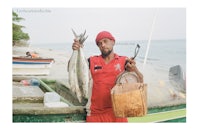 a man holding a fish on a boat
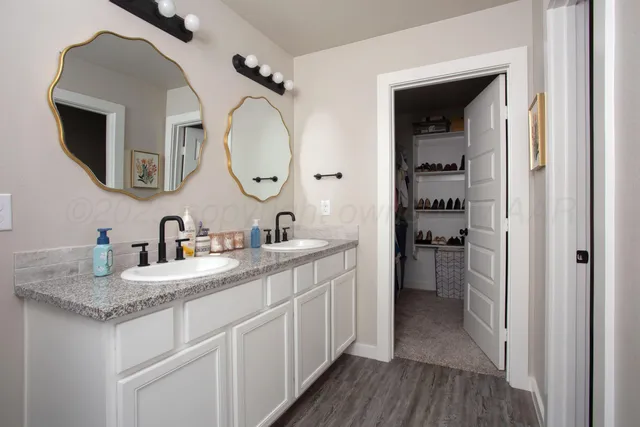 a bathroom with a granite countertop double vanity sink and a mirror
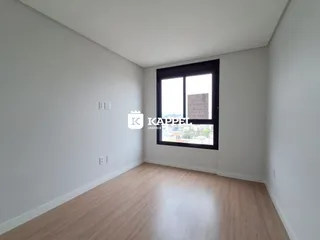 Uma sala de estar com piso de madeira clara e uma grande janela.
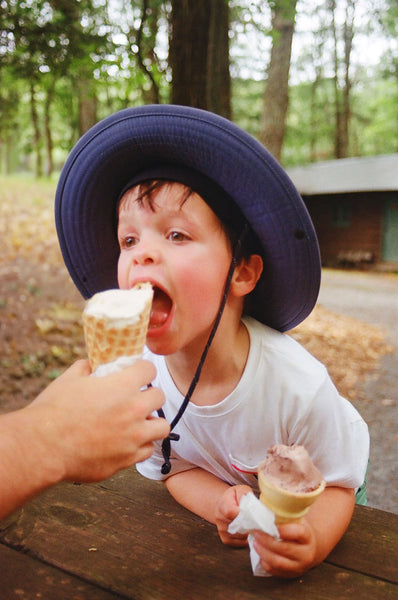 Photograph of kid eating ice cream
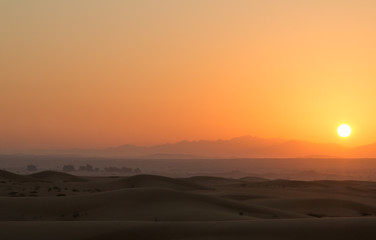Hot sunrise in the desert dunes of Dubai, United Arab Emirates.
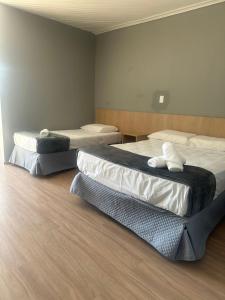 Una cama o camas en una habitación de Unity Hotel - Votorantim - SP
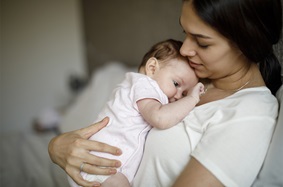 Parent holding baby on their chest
_ _ _
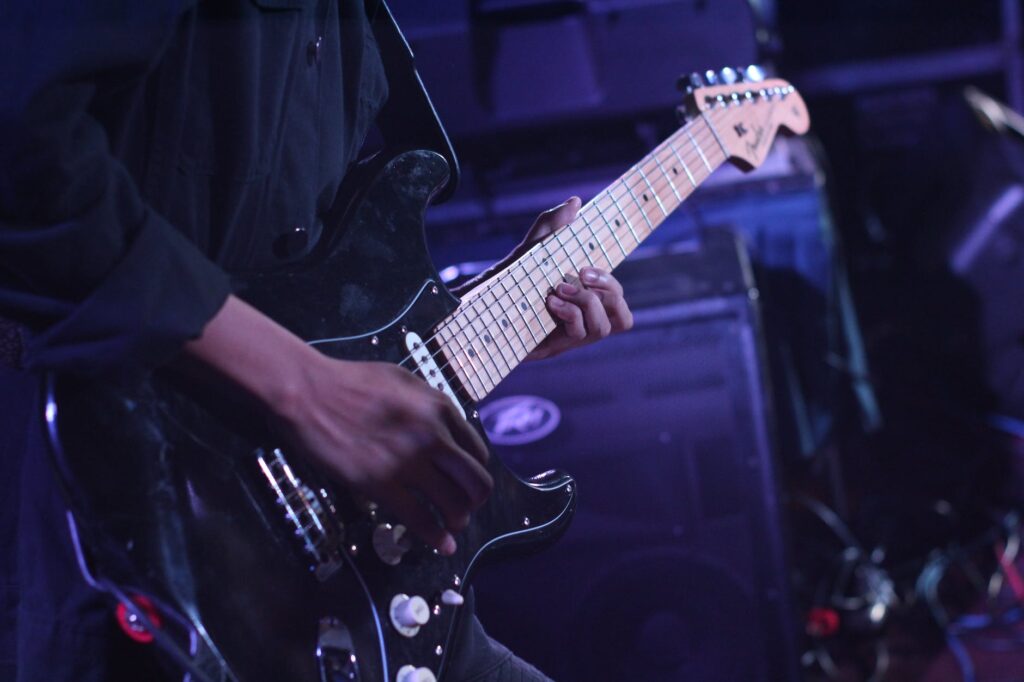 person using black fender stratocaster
_ _ _
* _Required action_
Print, word for word, the lines above that run from the line containing "a man holding a fish on a boat" to the line containing "Parent holding baby on their chest", both included. Keep the pictures out.

* _Solution below_
 a man holding a fish on a boat
 a bathroom with a granite countertop double vanity sink and a mirror
 Uma sala de estar com piso de madeira clara e uma grande janela.
 Photograph of kid eating ice cream
Hot sunrise in the desert dunes of Dubai, United Arab Emirates.
 Una cama o camas en una habitación de Unity Hotel - Votorantim - SP
 Parent holding baby on their chest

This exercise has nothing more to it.